In order to see the difficulty, consider a minimal Lagrangian density that describes the symmetry broken phase (the Stueckelberg Lagrangian): \begin{align} \mathcal{L} & = - \frac{1}{4} F_{\mu\nu} F^{\mu\nu} - \frac{1}{2}m^2 (A_\mu-\partial_\mu G) (A^\mu-\partial^\mu G) \end{align} In passing to the Hamiltonian formulation, we first need to compute the canonical momenta (now using $\Pi$ to denote the momentum conjugate to the Goldstone): \begin{align} \pi^0 & = 0 \\ \pi^i & = F^{i0} \\ & = \dot{A}^i - \partial_i A_0 \\ \Pi & = m^2(\dot{G} - A_0) \end{align} from which we readily obtain \begin{align} H & = \int \mathrm{d}^d x \left[\Pi \dot{G} + \pi^i \dot{A}_i - \mathcal{L} \right] \\ & = \int \mathrm{d}^d x \left[ \frac{1}{2m^2}\Pi^2 + \frac{1}{2} \pi_i \pi^i + \frac{1}{4} F_{ij} F^{ij} + \frac{1}{2}m^2(A_i-\partial_i G)^2 + (\Pi + \pi^i \partial_i) A_0 \right] \\ & = \int \mathrm{d}^d x \left[ \frac{1}{2m^2}\Pi^2 + \frac{1}{2} \pi_i \pi^i + \frac{1}{4} F_{ij} F^{ij} + \frac{1}{2}m^2(A_i-\partial_i G)^2 + (\Pi - \partial_i\pi^i ) A_0 \right] \end{align} where I integrated by parts.
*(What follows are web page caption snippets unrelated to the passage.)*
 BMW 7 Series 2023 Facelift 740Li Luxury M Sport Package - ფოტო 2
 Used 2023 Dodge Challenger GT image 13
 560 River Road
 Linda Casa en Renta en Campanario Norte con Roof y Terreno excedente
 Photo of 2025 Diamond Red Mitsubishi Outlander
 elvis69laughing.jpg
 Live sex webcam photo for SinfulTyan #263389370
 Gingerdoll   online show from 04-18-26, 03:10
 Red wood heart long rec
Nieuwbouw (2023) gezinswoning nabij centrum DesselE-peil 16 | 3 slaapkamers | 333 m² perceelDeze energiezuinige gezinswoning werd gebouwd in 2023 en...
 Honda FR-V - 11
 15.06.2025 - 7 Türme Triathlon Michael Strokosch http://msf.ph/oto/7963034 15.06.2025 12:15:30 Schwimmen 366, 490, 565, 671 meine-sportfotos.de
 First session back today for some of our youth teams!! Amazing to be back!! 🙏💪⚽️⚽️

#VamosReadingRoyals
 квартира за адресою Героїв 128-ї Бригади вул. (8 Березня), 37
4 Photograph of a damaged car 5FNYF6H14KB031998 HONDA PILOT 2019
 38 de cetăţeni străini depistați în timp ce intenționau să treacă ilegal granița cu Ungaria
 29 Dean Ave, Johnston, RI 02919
In particular, it’s not clear how functional derivatives with respect to $\Pi$ are related to voltage.
Is it possible to come up with a more convincing argument?
Weinberg’s infinite conductivity argument: Since the effective Lagrangian depends on the Goldstone field $G$ only via the combination $A_\mu - \partial_\mu G$, it follows that $G$ is canonically conjugate to the charge density $\rho$. Thus, in the Hamiltonian formulation, it satisfies an equation of motion $\dot{G} \propto \frac{\delta H}{\delta \rho} = V(x)$. Thus for time-independent field configurations corresponding to steady current, the potential difference vanishes.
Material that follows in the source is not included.